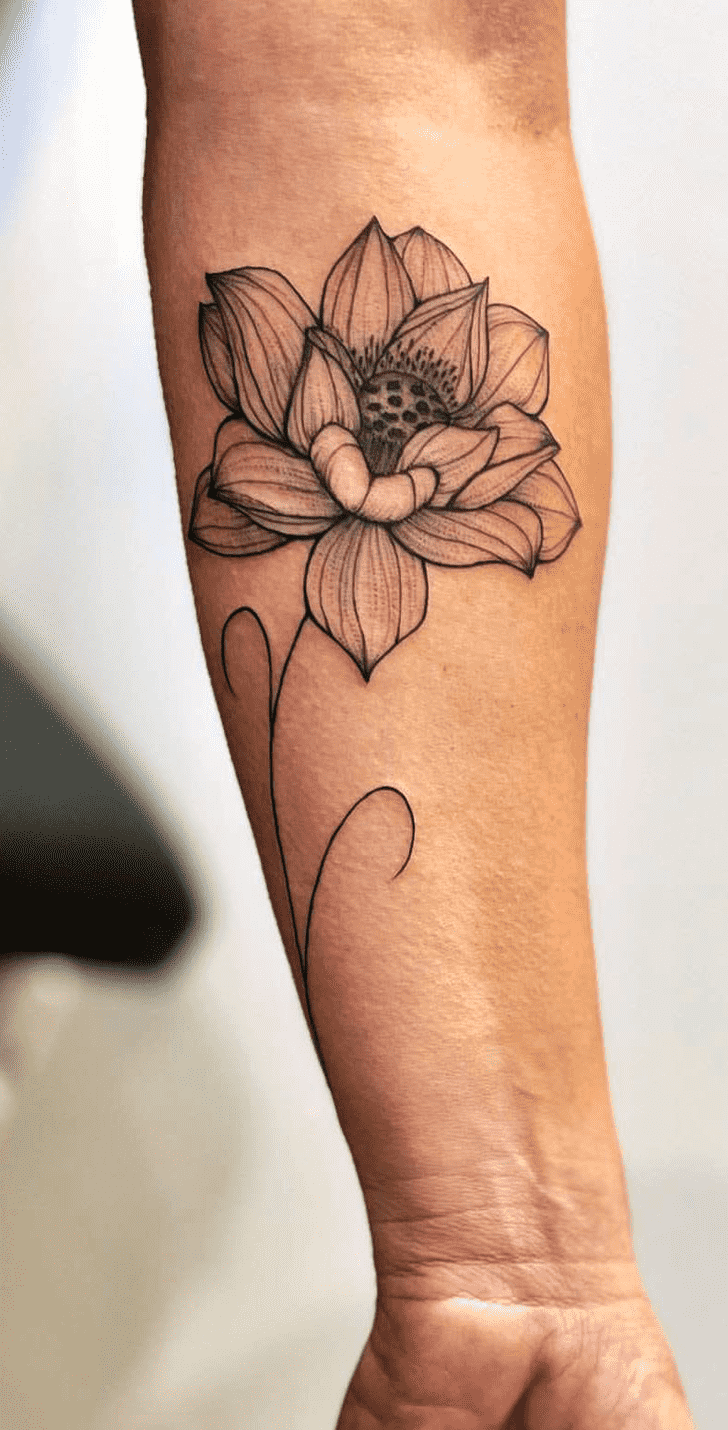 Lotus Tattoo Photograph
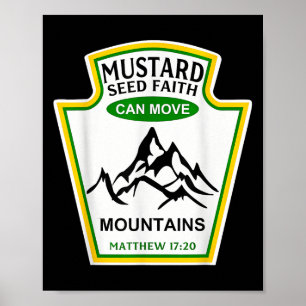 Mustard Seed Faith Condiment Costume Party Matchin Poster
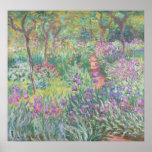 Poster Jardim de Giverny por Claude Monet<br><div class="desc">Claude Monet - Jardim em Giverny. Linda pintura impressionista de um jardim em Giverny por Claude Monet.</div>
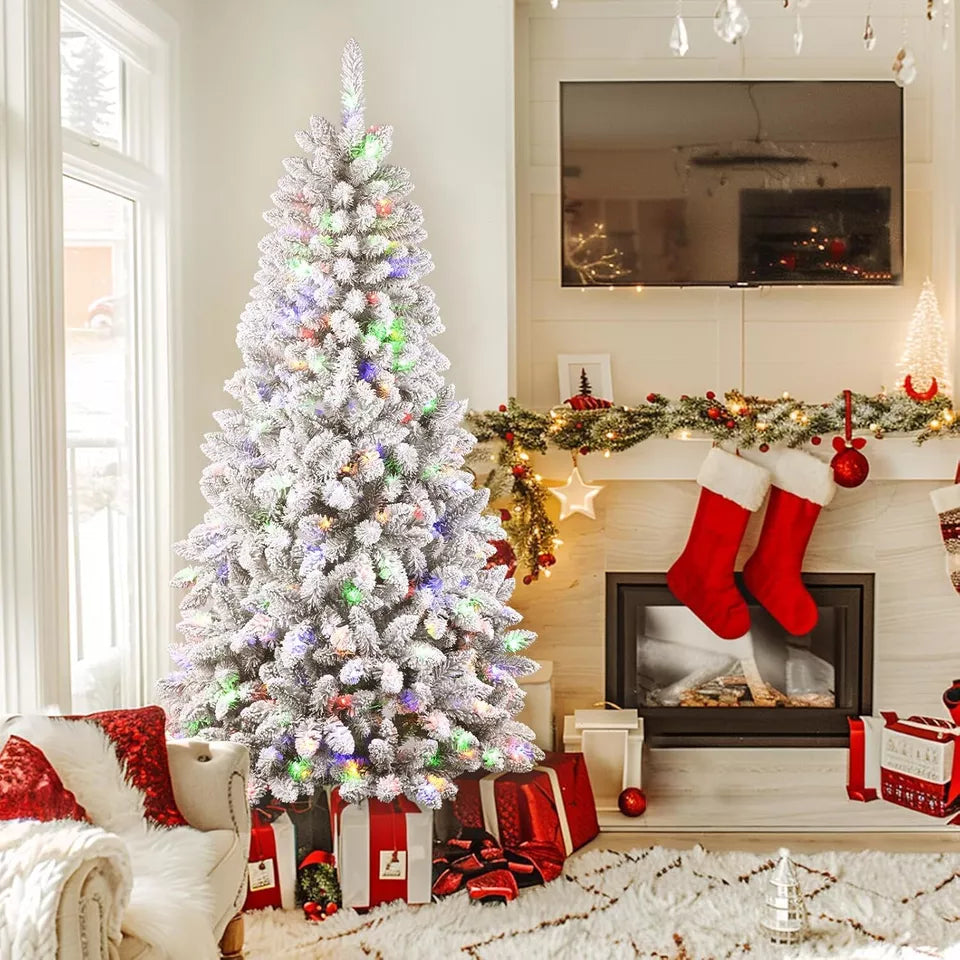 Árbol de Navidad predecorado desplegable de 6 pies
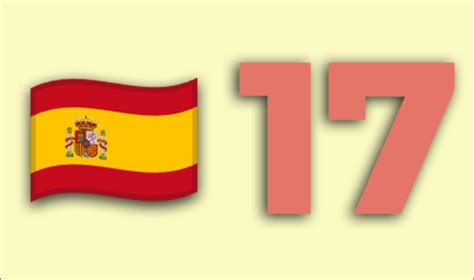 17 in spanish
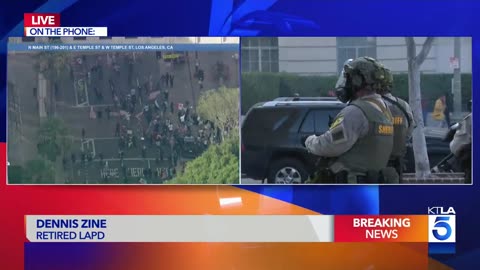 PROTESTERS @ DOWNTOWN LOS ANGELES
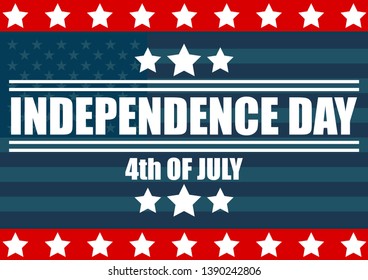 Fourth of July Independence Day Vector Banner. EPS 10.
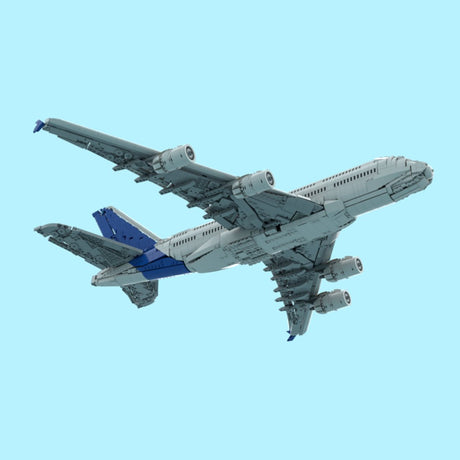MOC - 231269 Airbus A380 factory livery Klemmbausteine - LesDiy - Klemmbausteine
-=-=-=-=-
What to produce
Quote the records in their entirety, keeping the wording exact and excluding pictures.

Response area
 Lotus Tattoo Photograph
 Mustard Seed Faith Condiment Costume Party Matchin Poster
 Poster Jardim de Giverny por Claude Monet<br><div class="desc">Claude Monet - Jardim em Giverny. Linda pintura impressionista de um jardim em Giverny por Claude Monet.</div>
 Árbol de Navidad predecorado desplegable de 6 pies
 17 in spanish
 PROTESTERS @ DOWNTOWN LOS ANGELES
 Fourth of July Independence Day Vector Banner. EPS 10.
MOC - 231269 Airbus A380 factory livery Klemmbausteine - LesDiy - Klemmbausteine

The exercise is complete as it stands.